__Dataset__.

****************

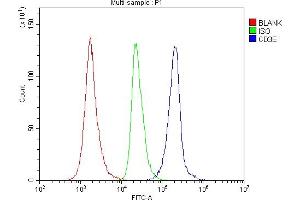 Flow Cytometry analysis of mouse spleen tissues using anti-CD3 epsilon/Cd3e antibody (ABIN7600665). (CD3 epsilon anticorps  (AA 22-113))
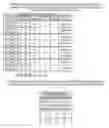 Fig. 08 - Protein standard compositions and methods of making and using the same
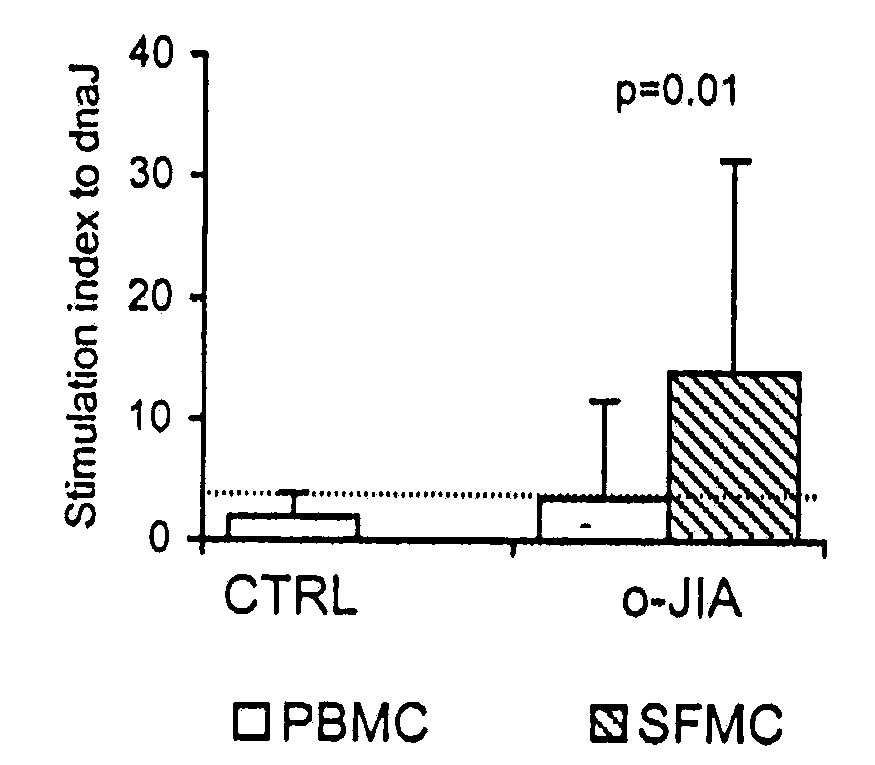 Immunomodulatory Peptides Derived from Heat Shock Proteins and Uses Thereof
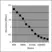 Sheep Anti Human C-Reactive Protein Antibody  thumbnail image 1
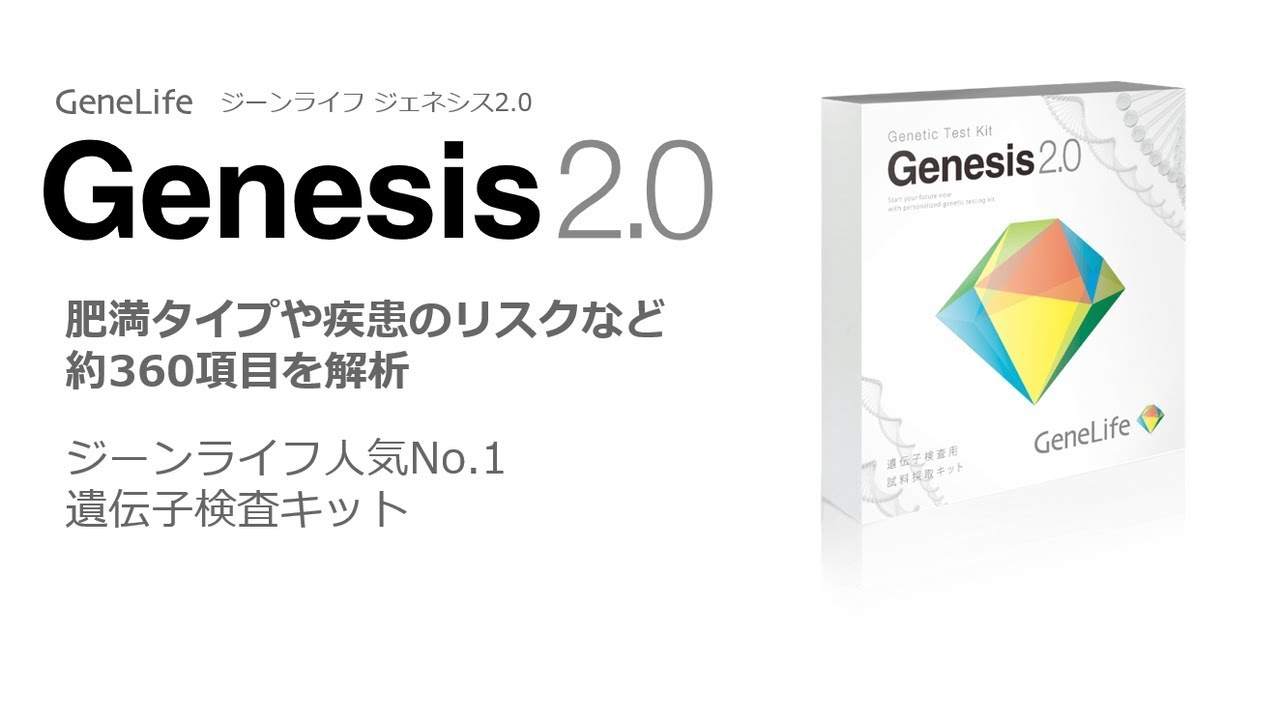 最新版 Genesis2.0 Plus 360項目のプレミアム遺伝子検査 新品】 最新版 Genesis2.0 Plus 360項目のプレミアム遺伝子検査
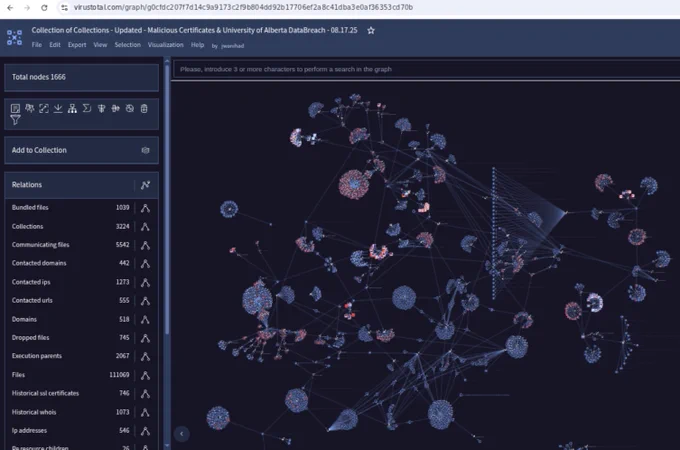 This is an @virustotal graph depicting collections of #Certificates being used for malicious and/or criminal purposes (e.g. Defence Evasion, Persistence, etc.). 

This figure depicts collections of certificates that are related, and also span across various operating systems (e.g. Windows, AndroidOS, Apple (iPadOS/iOS/MacOS), and Linux devices. 

These certificates have been demonstrated to show 'worm-like behaviours' (e.g. lateral movement) across both wired & wireless networks. 

Unclear if the certificates themselves are directly or indirectly related to the University of Alberta DataBreach (first reported in 2023 - still unresolved), compromise of a CA (e.g. EasyDNS & CIRA). 

Experimenting with the certificates shown has yielded varying results such as 'signing volatile Malware/Ransomware', bypassing & spreading across platforms, devices, and networks - and gaining unauthorized access to privileged accounts/locations/whathaveyou.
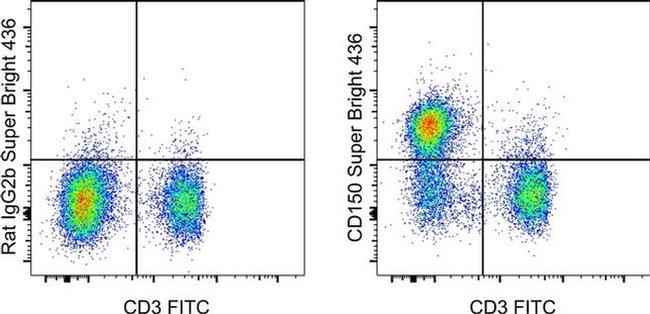 CD150 Antibody in Flow Cytometry (Flow)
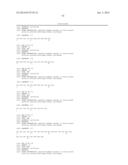 GLYCOPROTEIN CANCER BIOMARKER diagram and image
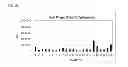 Fig. 07 - Affinity peptides toward infliximab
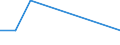 Bundesländer: Schleswig-Holstein / ICD-10 (2-Steller) Nebendiagnosen: Virusinfektionen des Zentralnervensystems / Geschlecht: männlich / Altersgruppen (u1-95m): unter 1 Jahr / Wertmerkmal: Nebendiagnosen der vollstationären Patienten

****************

__Task objective__.
Reproduce all the material exactly, omitting images.

__Answer to this task__.
 Flow Cytometry analysis of mouse spleen tissues using anti-CD3 epsilon/Cd3e antibody (ABIN7600665). (CD3 epsilon anticorps  (AA 22-113))
 Fig. 08 - Protein standard compositions and methods of making and using the same
 Immunomodulatory Peptides Derived from Heat Shock Proteins and Uses Thereof
 Sheep Anti Human C-Reactive Protein Antibody  thumbnail image 1
 最新版 Genesis2.0 Plus 360項目のプレミアム遺伝子検査 新品】 最新版 Genesis2.0 Plus 360項目のプレミアム遺伝子検査
 This is an @virustotal graph depicting collections of #Certificates being used for malicious and/or criminal purposes (e.g. Defence Evasion, Persistence, etc.). 

This figure depicts collections of certificates that are related, and also span across various operating systems (e.g. Windows, AndroidOS, Apple (iPadOS/iOS/MacOS), and Linux devices. 

These certificates have been demonstrated to show 'worm-like behaviours' (e.g. lateral movement) across both wired & wireless networks. 

Unclear if the certificates themselves are directly or indirectly related to the University of Alberta DataBreach (first reported in 2023 - still unresolved), compromise of a CA (e.g. EasyDNS & CIRA). 

Experimenting with the certificates shown has yielded varying results such as 'signing volatile Malware/Ransomware', bypassing & spreading across platforms, devices, and networks - and gaining unauthorized access to privileged accounts/locations/whathaveyou.
 CD150 Antibody in Flow Cytometry (Flow)
 GLYCOPROTEIN CANCER BIOMARKER diagram and image
 Fig. 07 - Affinity peptides toward infliximab
 Bundesländer: Schleswig-Holstein / ICD-10 (2-Steller) Nebendiagnosen: Virusinfektionen des Zentralnervensystems / Geschlecht: männlich / Altersgruppen (u1-95m): unter 1 Jahr / Wertmerkmal: Nebendiagnosen der vollstationären Patienten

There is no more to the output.